# DIY workshop dust collector... I'm gonna try to make one!



## MontyVeda (5 Mar 2021)

Maybe some of our woodworkers already have (there's countless YT videos)... but for those who are interested, this is the idea:







Basically a big bucket between the power tool and the vacuum to collect the dust, so only a miniscule amount of dust and woodchip ends up in the vac itself, keeping its filters (and motor) cleaner for longer.

I've watched a few tutorials, but this is my main inspiration because it looks really simple (and appears to work)...


I picked up about £5 worth of random waste pipe connecters from Wickes, a fermenting bucket from Wilko (£10), plus one of several buckets I had laying around... and removed anything that looked useful from a couple of old vacuum cleaners in my Mum's garage (and stole some big hose connectors she'll never use).
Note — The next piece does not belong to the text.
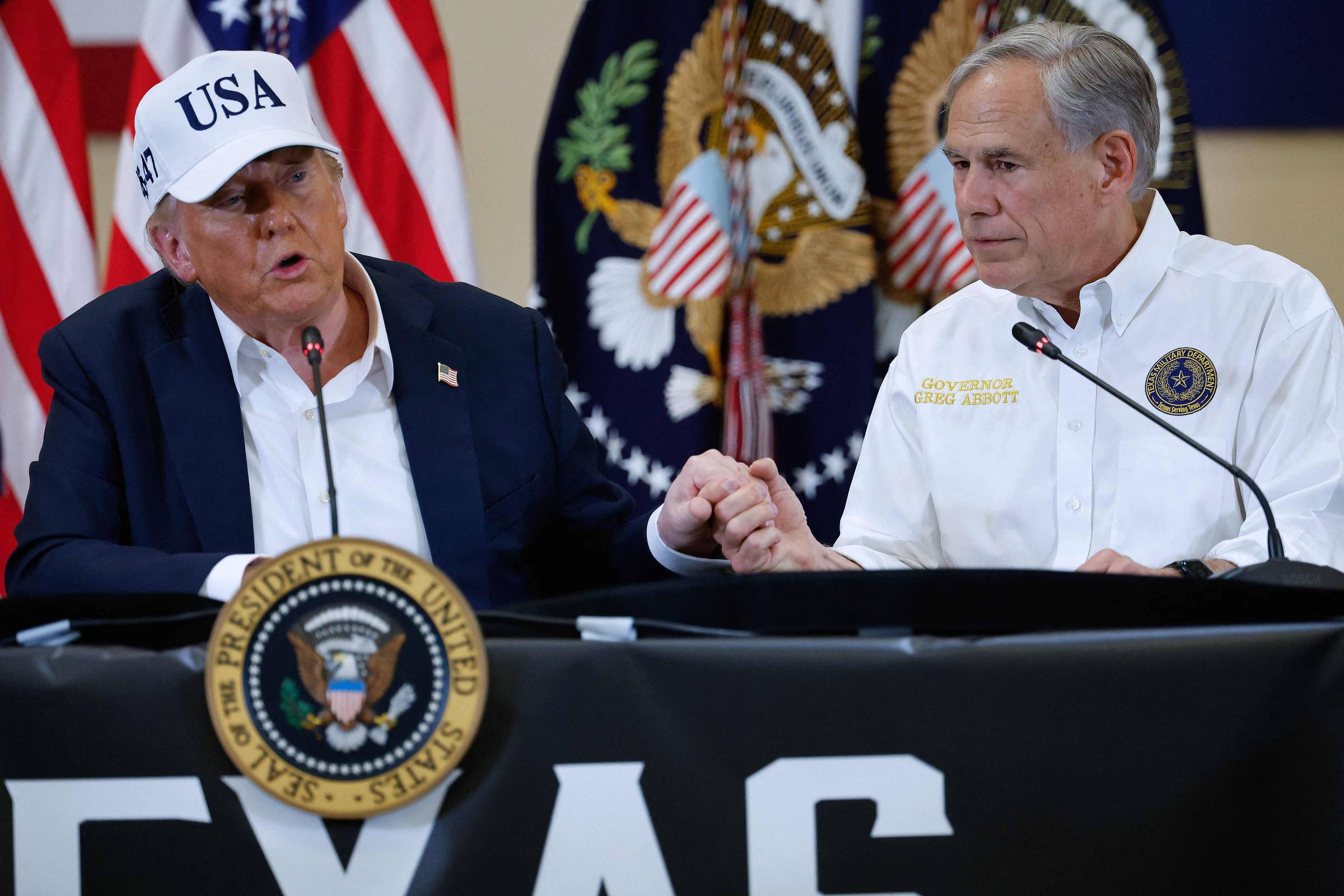 O presidente dos Estados Unidos, Donald Trump, com o governador do Texas, Greg Abbott, em entrevista após as enchentes no estado (Foto: Chip Somodevilla - 11.jul.25/Getty Images via AFP)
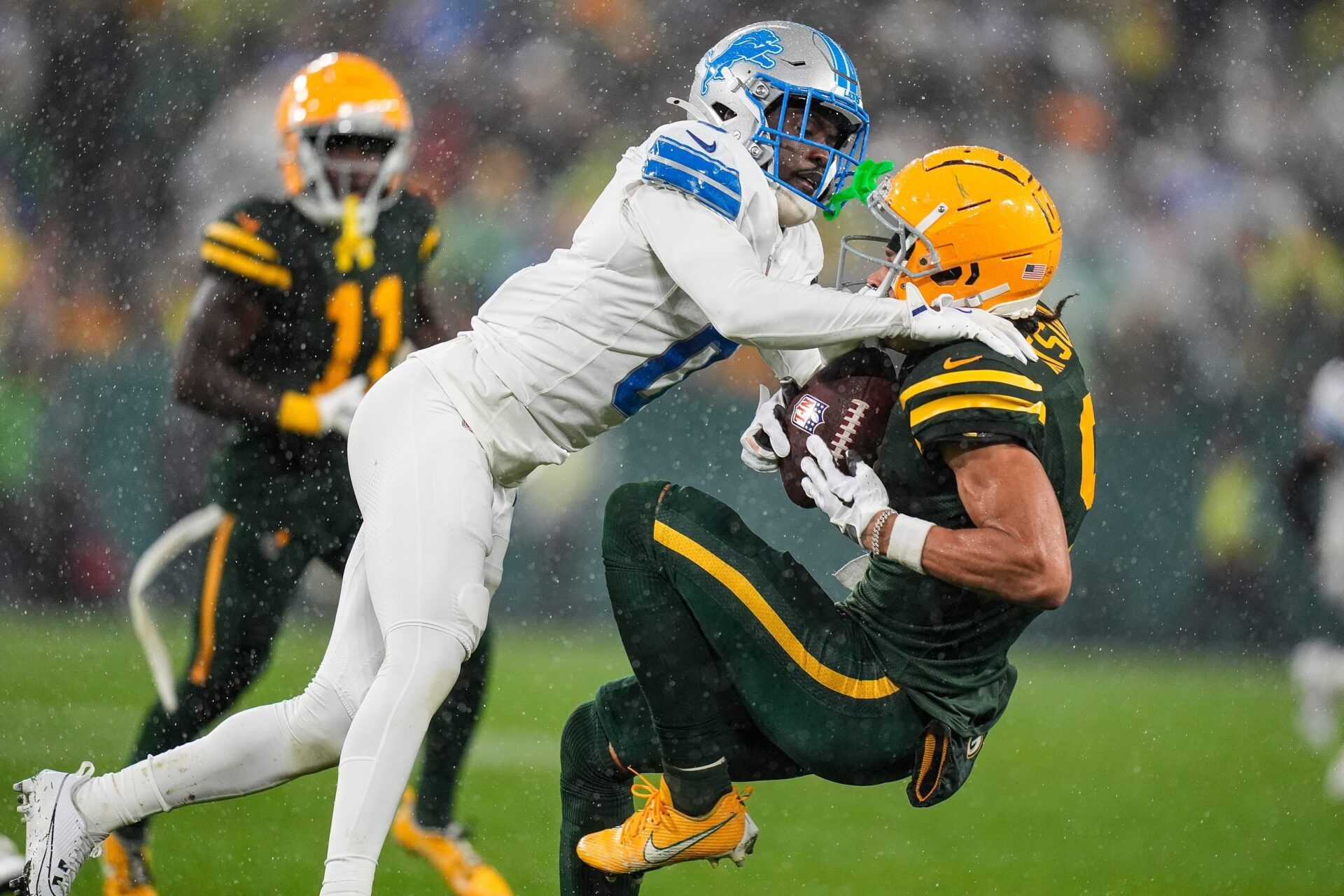 Detroit Lions cornerback Terrion Arnold (0) tackles Green Bay Packers wide receiver Christian Watson (9) during the second half at Lambeau Field in Green Bay, Wis. on Sunday, Nov. 3, 2024.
I'll probably have a few parts left over 





EDIT... a question for y'all... will it be significantly more efficient if I keep the length of the hoses to a minimum?


----------



## glasgowcyclist (5 Mar 2021)

If you keep putting it off and never get round to building it, it’ll gather dust all by itself anyway!


----------



## slowmotion (5 Mar 2021)

MontyVeda said:


> Maybe some of our woodworkers already have (there's countless YT videos)... but for those who are interested, this is the idea:
> 
> View attachment 577177
> 
> ...



You are James Dyson and ICMFP.


----------



## MontyVeda (5 Mar 2021)

glasgowcyclist said:


> If you keep putting it off and never get round to building it, it’ll gather dust all by itself anyway!


this is basically procrastination for building a bass guitar... i can't cut the body until _blah blah blah_

first i needed a specific router bit that I can't seem to get until April 

then i splashed out on a sanding machine which will be perfect for sanding the shaped body...




...but it's going to make a lot of dust, so I'm not going to be using that until I've got something to collect the dust.


----------



## MontyVeda (5 Mar 2021)

slowmotion said:


> You are James Dyson and ICMFP.


does that mean i have to move production overseas to save money


----------



## Drago (5 Mar 2021)

I recently sold my vacuum cleaner. It was only collecting dust.


----------



## Milkfloat (5 Mar 2021)

It’s not much of a help, but I just use a Henry without a bag and suck it up directly, I have not managed to break it yet.


----------



## slowmotion (6 Mar 2021)

Bill Pentz is/was the renowned expert on woodworking cyclones. It's generally agreed that coarser chips and dust from planers, thicknessers and power saws get trapped well, but the fine stuff from sanders ends up in the filter anyway. This is worth a read....

https://billpentz.com/woodworking/cyclone/faqs.php


----------



## Tripster (6 Mar 2021)

Alternatively, Promenade Music do a good selection of Bass Guitars without the mess and fuss. Hoover not required


----------



## MontyVeda (6 Mar 2021)

Tripster said:


> Alternatively, Promenade Music do a good selection of Bass Guitars without the mess and fuss. Hoover not required


like most music shops, Promenade Music have a great selection of right handed bass guitars... and like most music shops, they have a very limited selection of left handed guitars


----------



## MontyVeda (6 Mar 2021)

Milkfloat said:


> It’s not much of a help, but I just use a Henry without a bag and suck it up directly, I have not managed to break it yet.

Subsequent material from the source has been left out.